## Exercise requirements
The complete listing goes into the output exactly, without its pictures.

◇ ◇ ◇ ◇ ◇

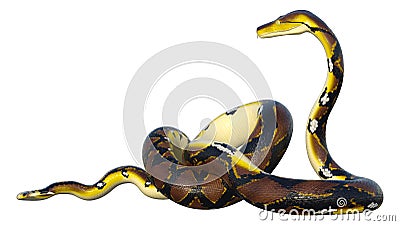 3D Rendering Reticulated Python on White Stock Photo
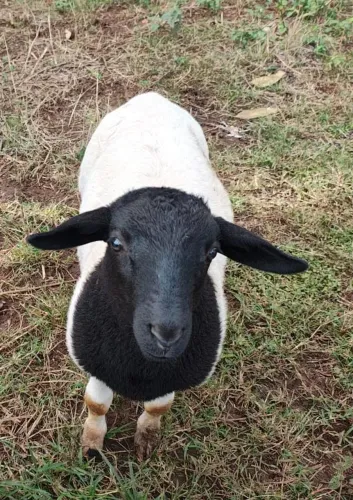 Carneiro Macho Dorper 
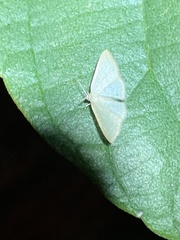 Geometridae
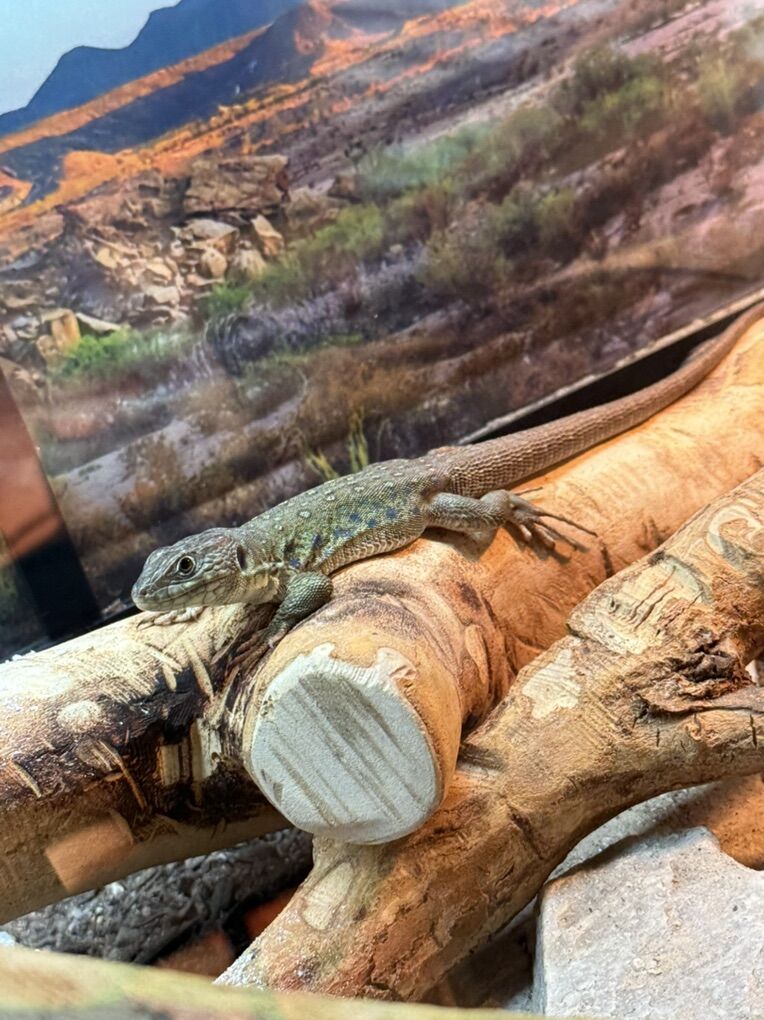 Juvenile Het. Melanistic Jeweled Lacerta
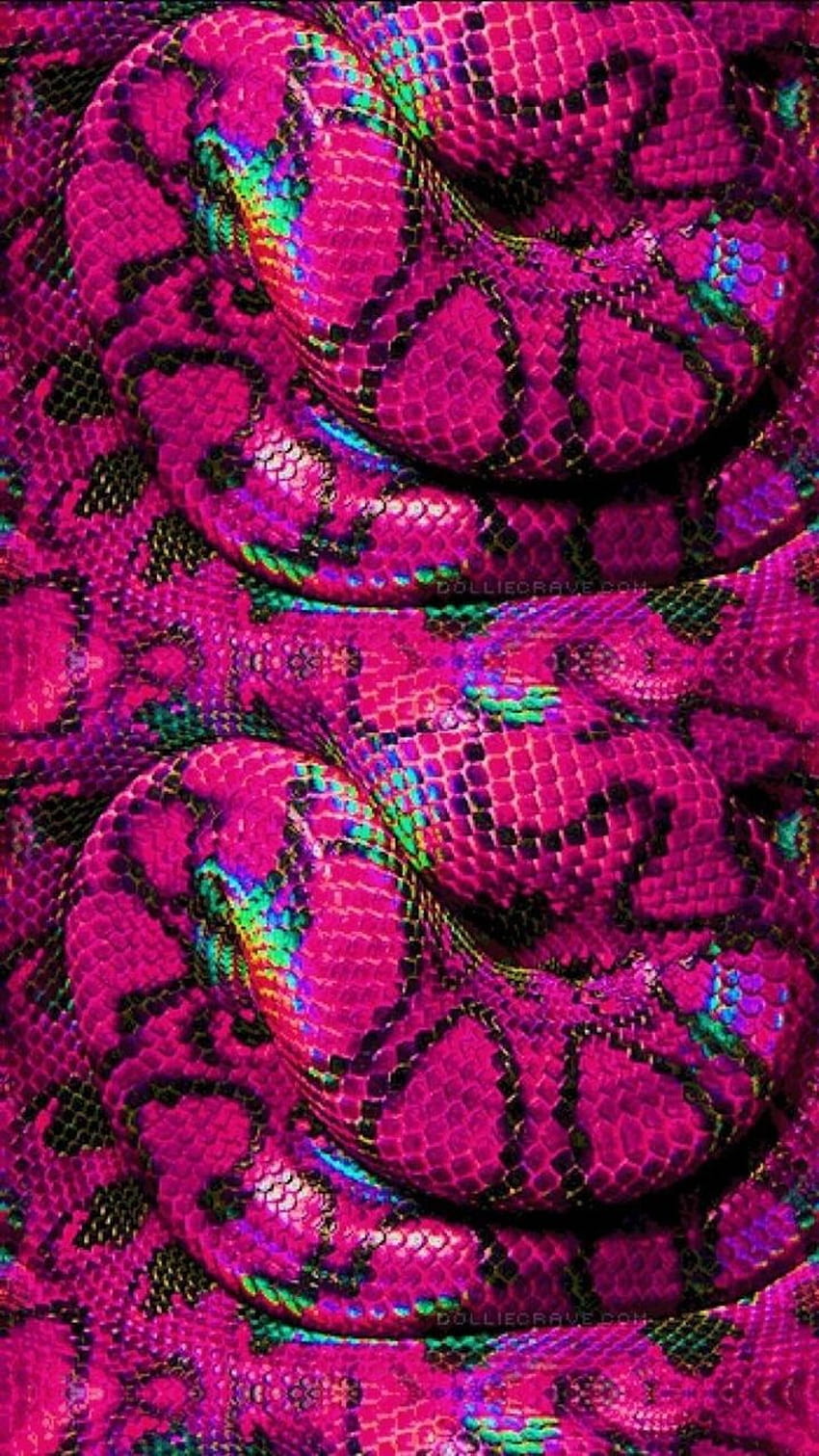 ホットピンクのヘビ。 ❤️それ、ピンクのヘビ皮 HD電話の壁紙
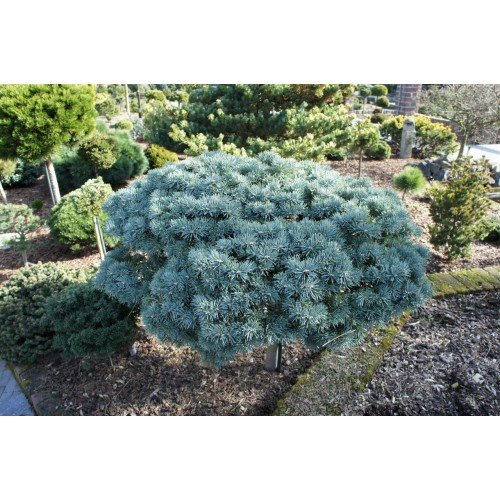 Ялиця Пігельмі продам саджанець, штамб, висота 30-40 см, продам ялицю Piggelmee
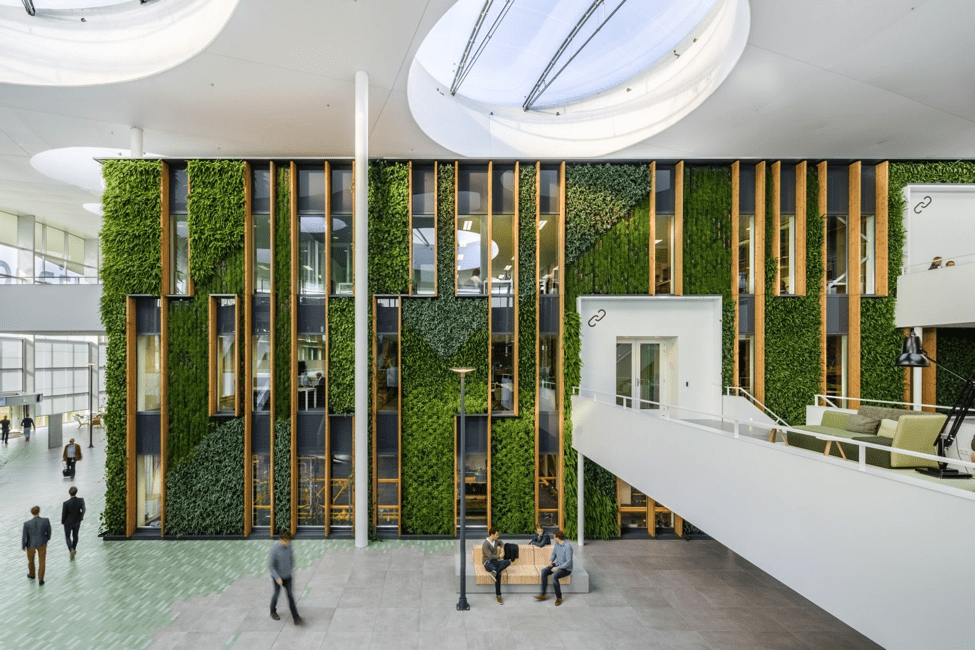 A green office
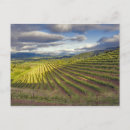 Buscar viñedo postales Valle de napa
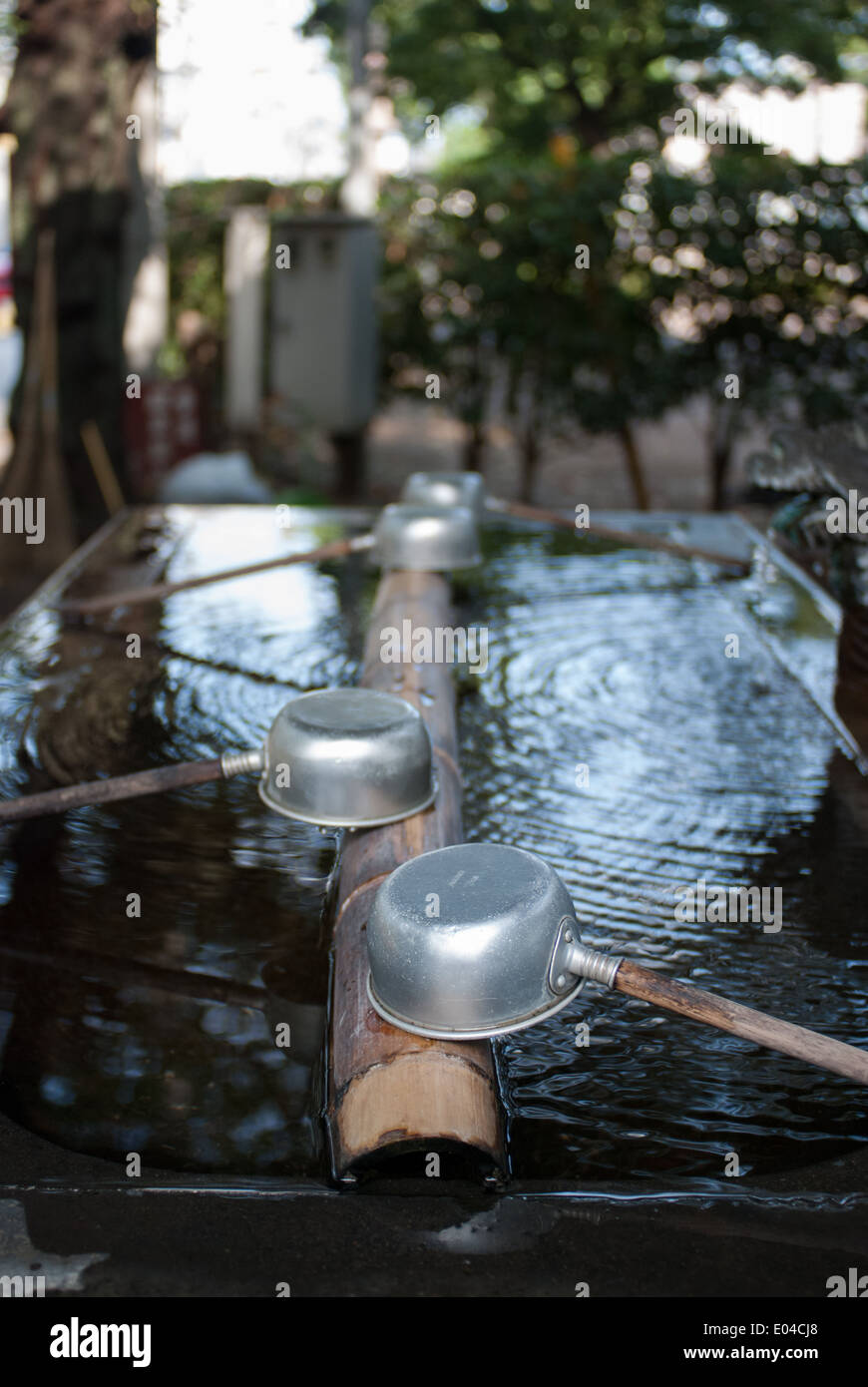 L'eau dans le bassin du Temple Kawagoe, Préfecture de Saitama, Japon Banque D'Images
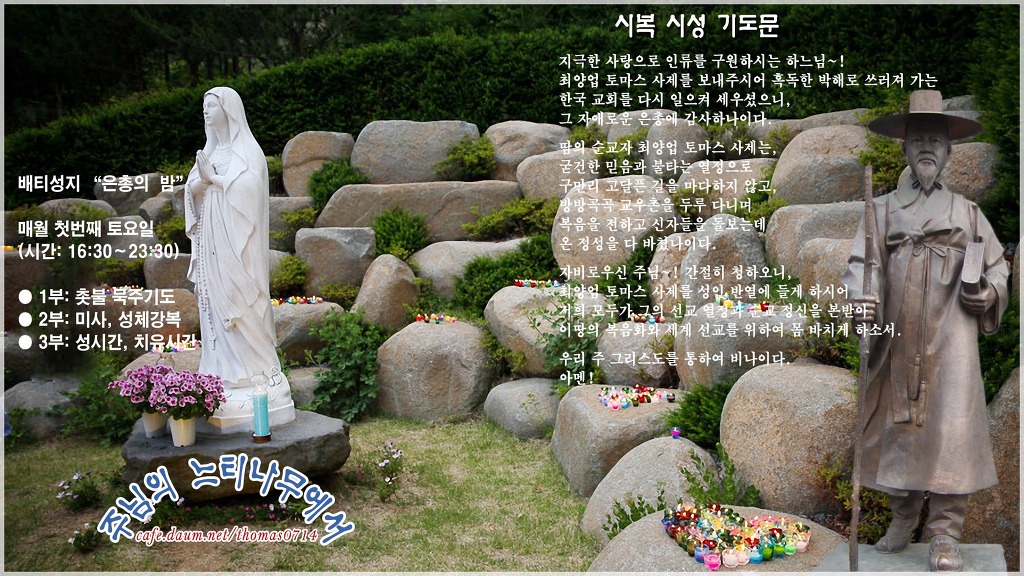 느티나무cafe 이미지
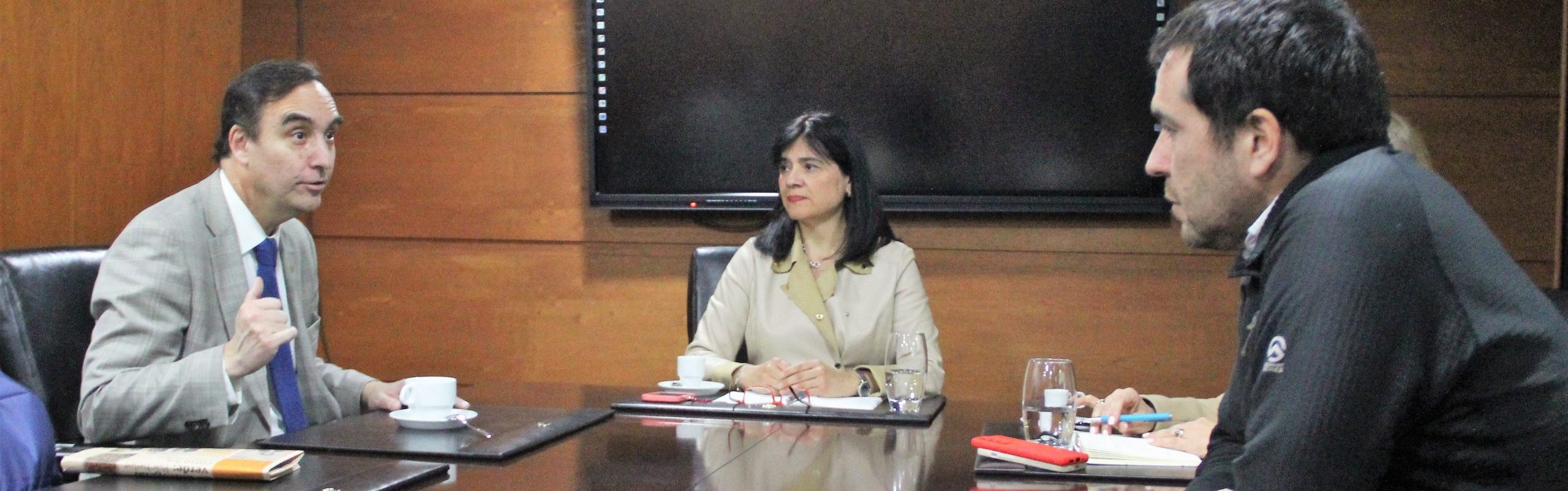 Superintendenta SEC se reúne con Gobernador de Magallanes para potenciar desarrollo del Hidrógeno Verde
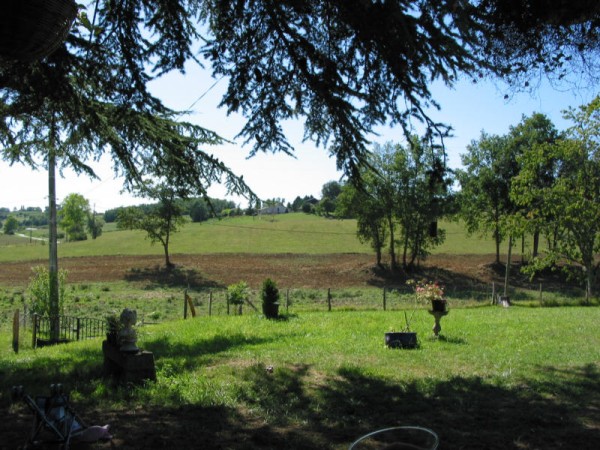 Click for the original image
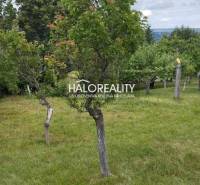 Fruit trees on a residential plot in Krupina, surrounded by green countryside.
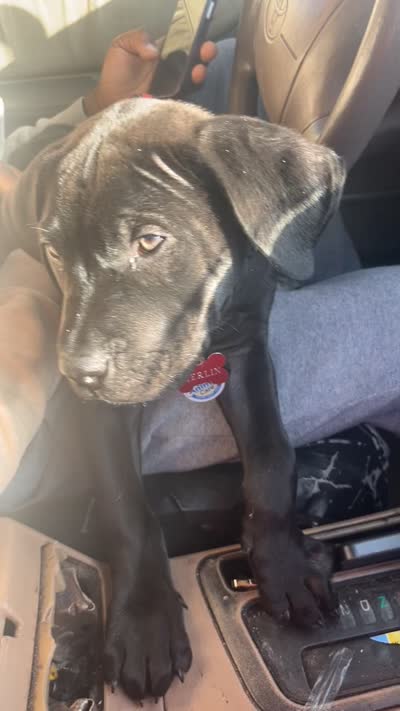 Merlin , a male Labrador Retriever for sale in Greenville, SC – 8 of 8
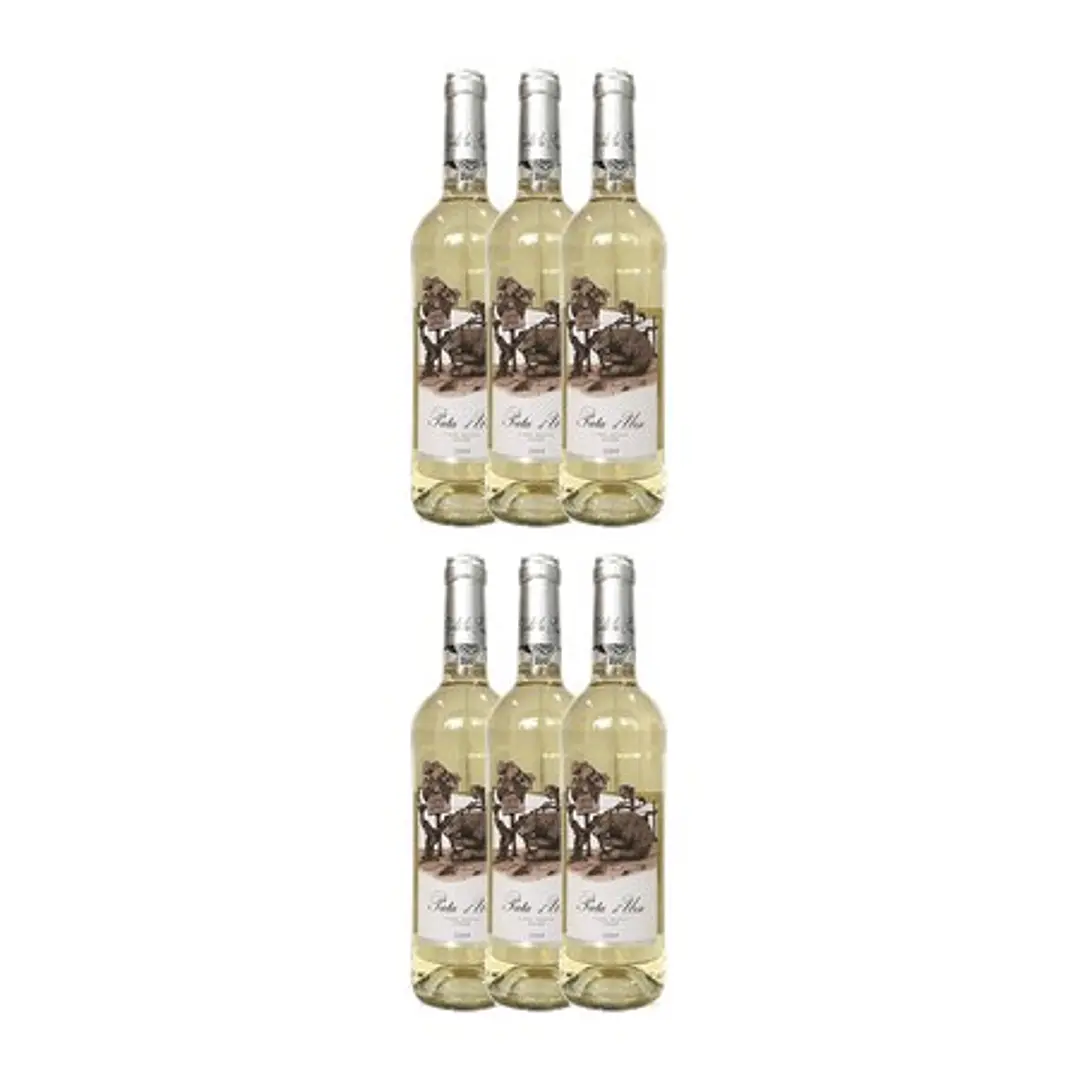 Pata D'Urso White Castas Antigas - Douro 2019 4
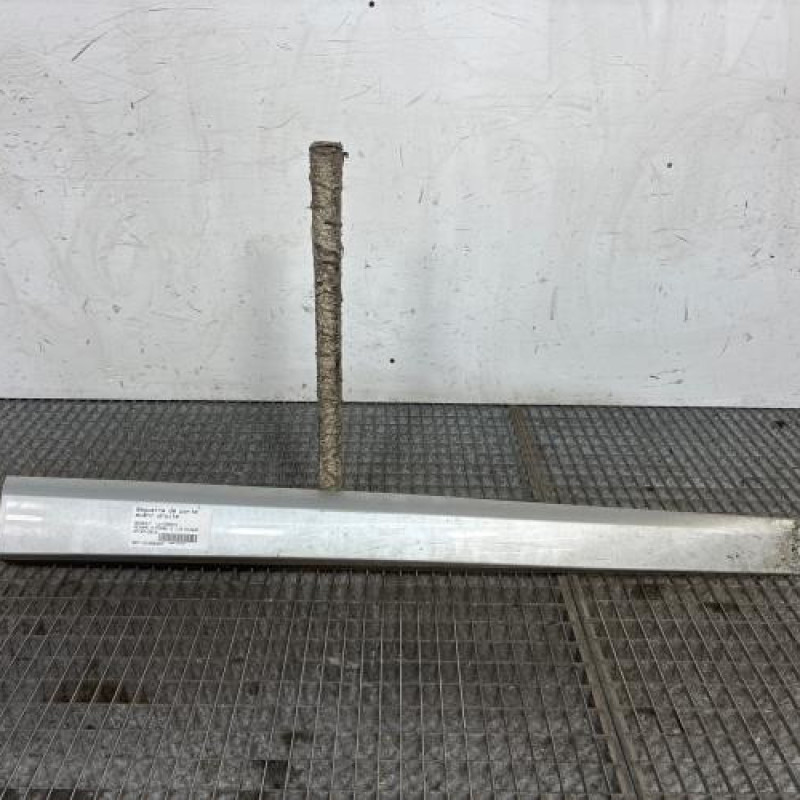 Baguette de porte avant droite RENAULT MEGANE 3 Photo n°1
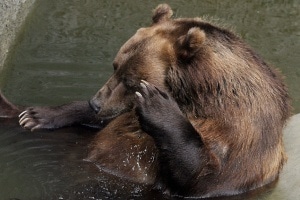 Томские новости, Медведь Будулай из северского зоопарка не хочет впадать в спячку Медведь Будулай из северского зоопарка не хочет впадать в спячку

◇ ◇ ◇ ◇ ◇

## Written answer
 3D Rendering Reticulated Python on White Stock Photo
 Carneiro Macho Dorper 
 Geometridae
 Juvenile Het. Melanistic Jeweled Lacerta
 ホットピンクのヘビ。 ❤️それ、ピンクのヘビ皮 HD電話の壁紙
 Ялиця Пігельмі продам саджанець, штамб, висота 30-40 см, продам ялицю Piggelmee
 A green office
 Buscar viñedo postales Valle de napa
 L'eau dans le bassin du Temple Kawagoe, Préfecture de Saitama, Japon Banque D'Images
 느티나무cafe 이미지
 Superintendenta SEC se reúne con Gobernador de Magallanes para potenciar desarrollo del Hidrógeno Verde
 Click for the original image
 Fruit trees on a residential plot in Krupina, surrounded by green countryside.
 Merlin , a male Labrador Retriever for sale in Greenville, SC – 8 of 8
 Pata D'Urso White Castas Antigas - Douro 2019 4
 Baguette de porte avant droite RENAULT MEGANE 3 Photo n°1
 Томские новости, Медведь Будулай из северского зоопарка не хочет впадать в спячку Медведь Будулай из северского зоопарка не хочет впадать в спячку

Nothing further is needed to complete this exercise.